At Capital Funding Financial, we are a direct lender and have the ability to close loans within a days when given a complete loan package (credit report, income documentation, independent assessment, title commitment). The typical deal takes about a couple of weeks to finance as an independent appraisal and title report need to be run on the property.
When using is an appraisal needed?
Yes, hard money loans generally demand comparative sales analysis, broker price opinion, or an assessment. On the subject property, we order an independent appraisal at Capital Funding Financial.
When completing a repair & flip or rehabilitation job, what’ll the hard money lender require?

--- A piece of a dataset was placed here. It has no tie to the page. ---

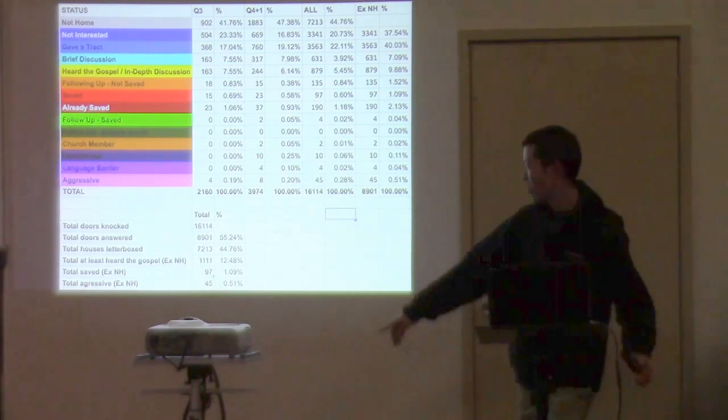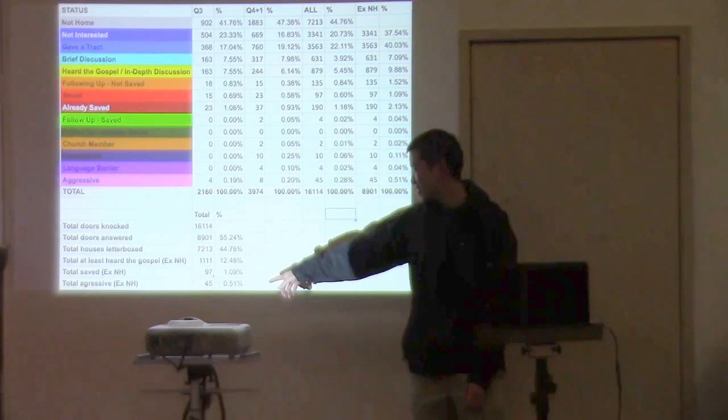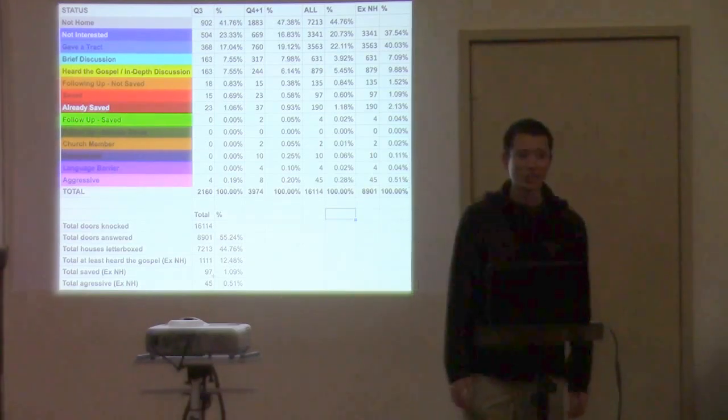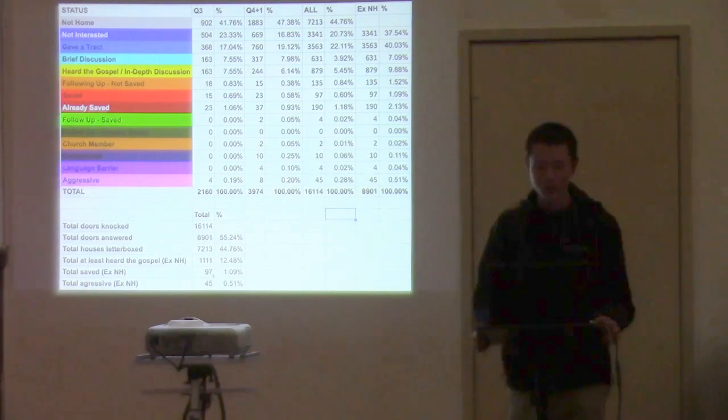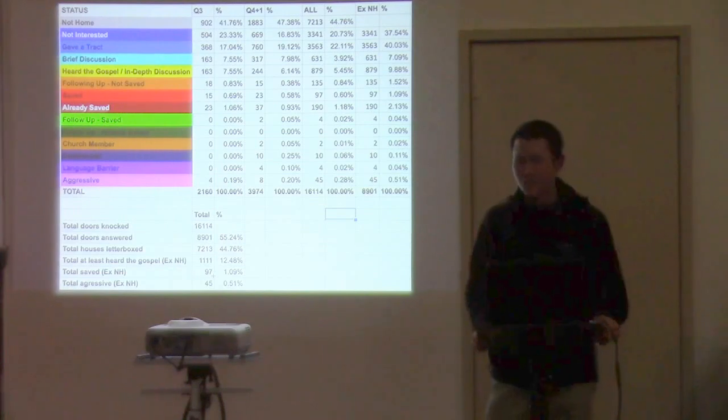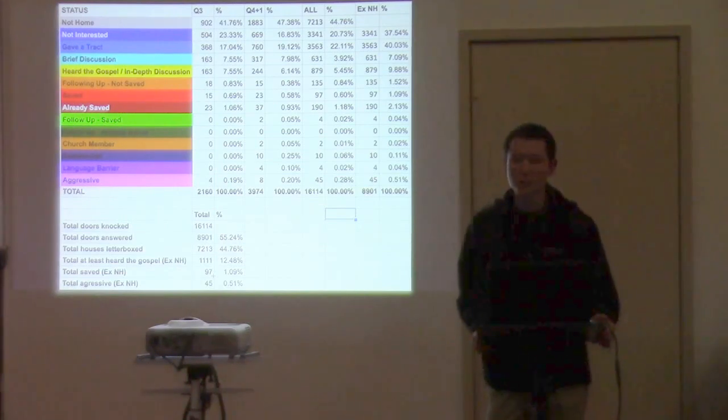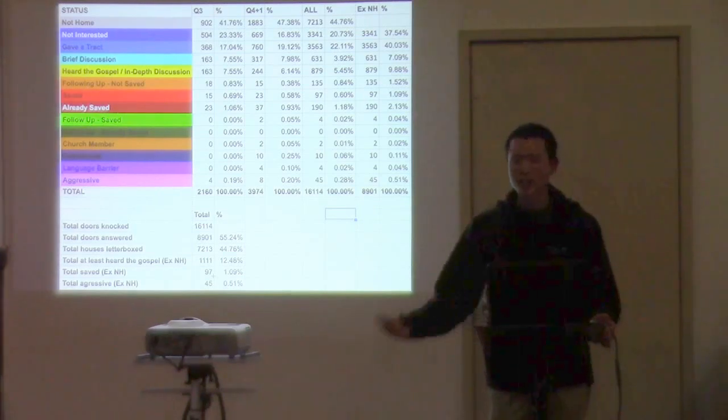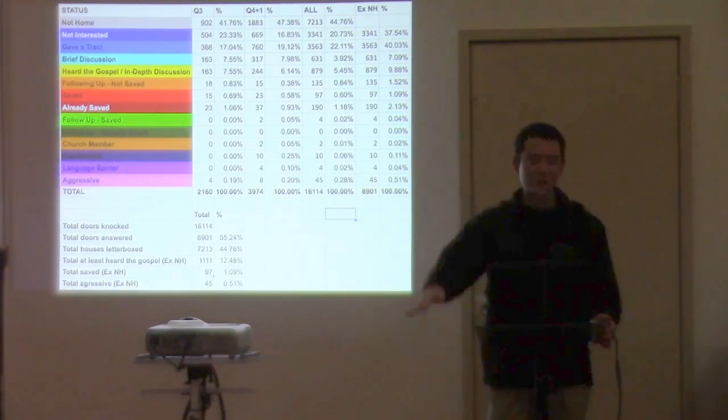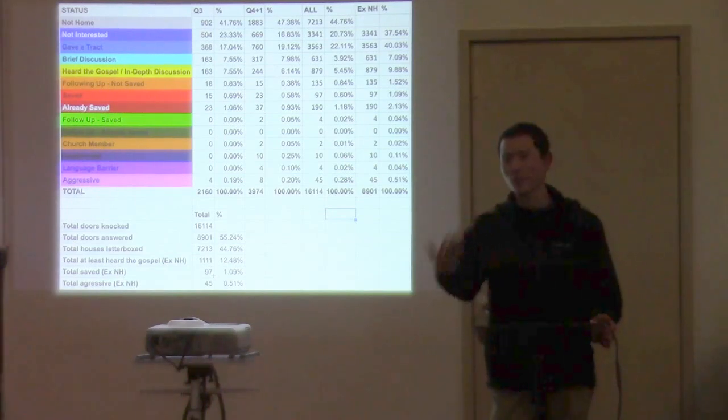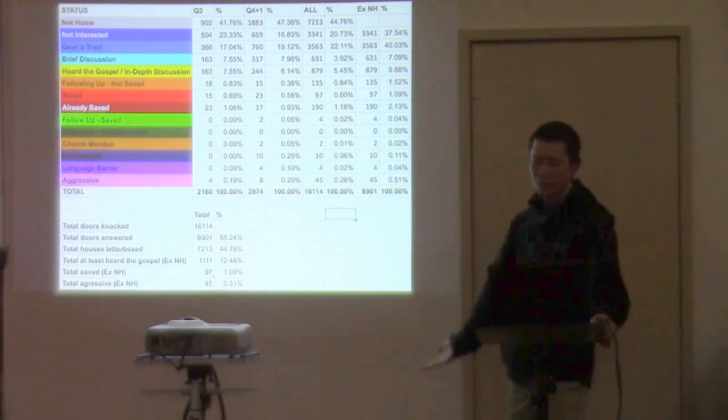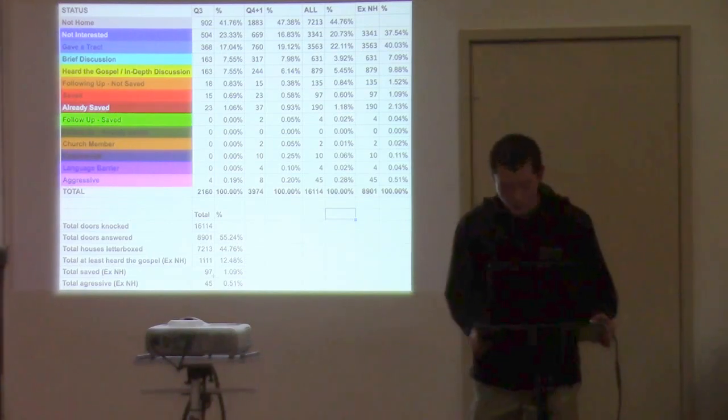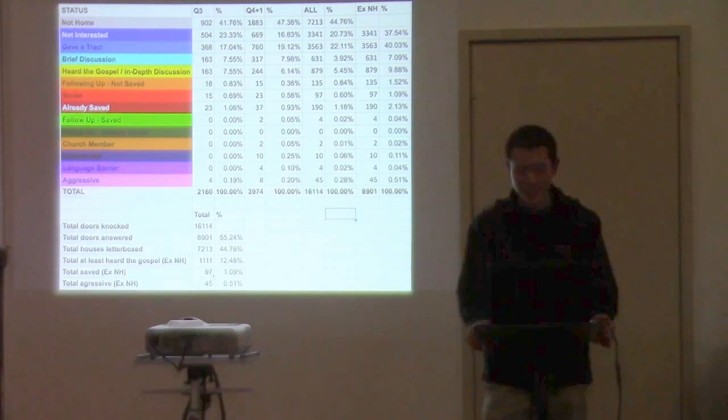And I always like to remind everyone that there's 0.51% of people that actually got angry at us. If you include the people that are not home, that's only 0.28%. So there's really nothing to be scared of. People may not want to talk to you, but they're generally polite. We mark them aggressive if they're literally like get lost, don't come back. They're rude to you. And there really isn't that many. I mean, 45 people out of 8,900 is nothing to be scared of.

Well besides the obvious 35–40% equity cushion, the lender will need to see the extent of work described with a cost analysis timeline and worksheet. The lender will use this as helpful tips in releasing capital for rehab purposes. Nothing ever goes as planned when performing a rehabilitation; so the lender will want to see the borrowers experience in performing or managing real estate repairs. The lender will release funds in draws and require an inspection to be made after each draw is complete. The lender will even require a credit report and income statement from the borrower to show that the borrower has the ability to repay the loan. Yet, hard money lenders focus mostly on the asset value of the collateral and not the credit score.